Kebakaran tanah gambut dan pengeringan
Perindustrian di Indonesia tidak banyak. Karena itu, emisi CO2 dari industri tidak besar pula. Sebelum penelitian terbaru, Indonesia masih menempati urutan ke-21 pada daftar negara-negara dengan pancaran gas rumah kaca terbesar di dunia. Kini setelah juga diukur emisi akibat kebakaran tanah gambut, maka Indonesia menempati urutan ke-3, menyusul Amerika Serikat dan Cina.
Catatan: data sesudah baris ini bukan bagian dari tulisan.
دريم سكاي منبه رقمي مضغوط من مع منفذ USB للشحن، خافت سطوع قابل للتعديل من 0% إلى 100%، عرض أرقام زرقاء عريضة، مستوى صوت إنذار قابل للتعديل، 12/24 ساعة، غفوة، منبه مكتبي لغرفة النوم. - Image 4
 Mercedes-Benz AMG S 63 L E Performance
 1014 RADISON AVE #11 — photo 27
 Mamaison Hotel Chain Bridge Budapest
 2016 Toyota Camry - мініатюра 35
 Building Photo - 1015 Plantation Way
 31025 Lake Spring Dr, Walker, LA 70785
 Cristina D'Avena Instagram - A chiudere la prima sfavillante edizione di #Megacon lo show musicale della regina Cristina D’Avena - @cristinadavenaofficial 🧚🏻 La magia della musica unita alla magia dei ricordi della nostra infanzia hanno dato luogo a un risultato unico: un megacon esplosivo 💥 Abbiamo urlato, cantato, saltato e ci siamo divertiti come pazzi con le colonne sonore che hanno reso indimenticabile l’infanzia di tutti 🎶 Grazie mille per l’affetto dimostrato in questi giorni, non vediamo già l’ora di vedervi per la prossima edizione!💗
Sepersepuluh dari seluruh pancaran zat asam arang di dunia, datang dari Indonesia. Ini adalah tiga kali lebih banyak ketimbang emisi asam arang di Jerman serta 10 kali lebih banyak dari emisi asam arang Belanda dan sebanding dengan emisi gas rumah kaca di India.
Proses pembentukan tanah gambut makan waktu 5 sampai 10 ribu tahun. Tanah itu menampung kadar tinggi asam arang. Yang sekarang terjadi adalah bahwa akibat penebangan hutan serta pengeringan tanah gambut untuk dijadikan ladang peternakan, wilayah itu mengering, dan cepat sekali terbakar. Ini menyebabkan asap tebal dan proses terjadinya gas rumah kaca.
Satu-satunya jalan
Ketika hasil penelitian ditunjukkan pada pelbagai organisasi lingkungan hidup, mereka sangat terkejut. Yang juga memprihatinkan adalah bahwa bukan hanya kebakaran hutan saja yang menyebabkan pancaran gas asam arang, melainkan juga proyek-proyek pengeringan tanah di Indonesia. Ini berarti bahwa walau kebakaran hutan dapat dikendalikan, emisi asam arang terus berlanjut. Satu-satunya jalan untuk mengatasi masalah ini adalah untuk kembali mengalirkan air ke wilayah-wilayah ini.
Kelapa sawit
Salah satu penyebab penting emisi CO2 adalah perkebunan kelapa sawit yang ditanam di tanah gambut. Permintaan akan minyak kelapa sawit dan kayunya sangat besar. Produk-produk ini hanya tumbuh di tanah kering. Karena itu dilakukan proses pengeringan. Ini menyebabkan emisi gas rumah kaca. Selain itu tanah rentan kebakaran.
Dampaknya bisa berlangsung sedikitnya 50 tahun, kalau tidak dibuat apa-apa. Dan apabila proses ini berlangsung sedikitnya 30 tahun, maka emisinya CO2 bisa berlipat ganda.
Ini bukan hanya masalah global. Tapi juga berdampak terhadap orang-orang yang tinggal di sekitarnya. Pemerintah Singapura telah memprotes pada pemerintah RI. Seluruh kawasan diselimuti asap. Orang-orang setempat mengalami gejala-gejala asma. Matahari jarang sekali kelihatan.
Stop penebangan hutan
Yang harus dilakukan adalah menghentikan penebangan hutan, baik reguler maupun ilegal. Negara-negara Barat bisa membantu dalam hal ini, yaitu dengan mengurangi impor produk dari kawasan tersebut. Kelapa sawit tidak ditanam lagi di tanah gambut tapi di tanah lain, dan mengatur pengelolaan air.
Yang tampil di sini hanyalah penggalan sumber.